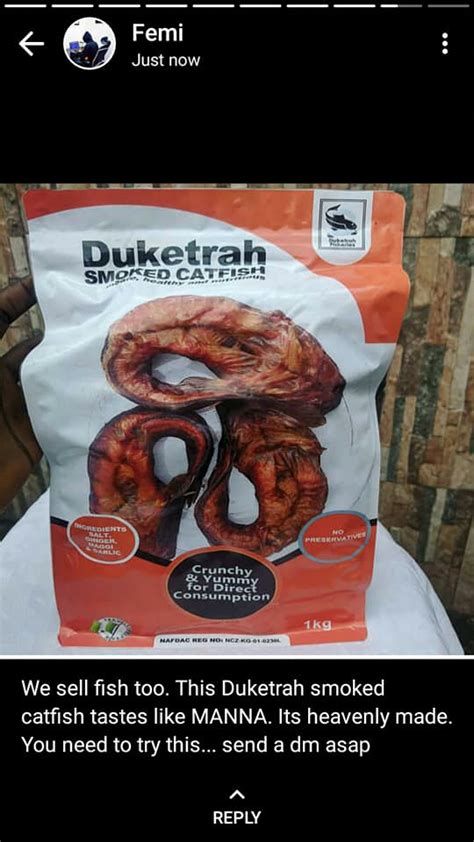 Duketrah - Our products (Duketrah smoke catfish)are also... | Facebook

------

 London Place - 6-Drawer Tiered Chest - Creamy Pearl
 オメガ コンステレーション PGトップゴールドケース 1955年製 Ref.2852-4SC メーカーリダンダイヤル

------

All lines in the listing above between the line with "London Place - 6-Drawer" and the line with "オメガ コンステレーション PGトップゴールドケース", inclusive, should be set down exactly, and no line outside that range.

 London Place - 6-Drawer Tiered Chest - Creamy Pearl
 オメガ コンステレーション PGトップゴールドケース 1955年製 Ref.2852-4SC メーカーリダンダイヤル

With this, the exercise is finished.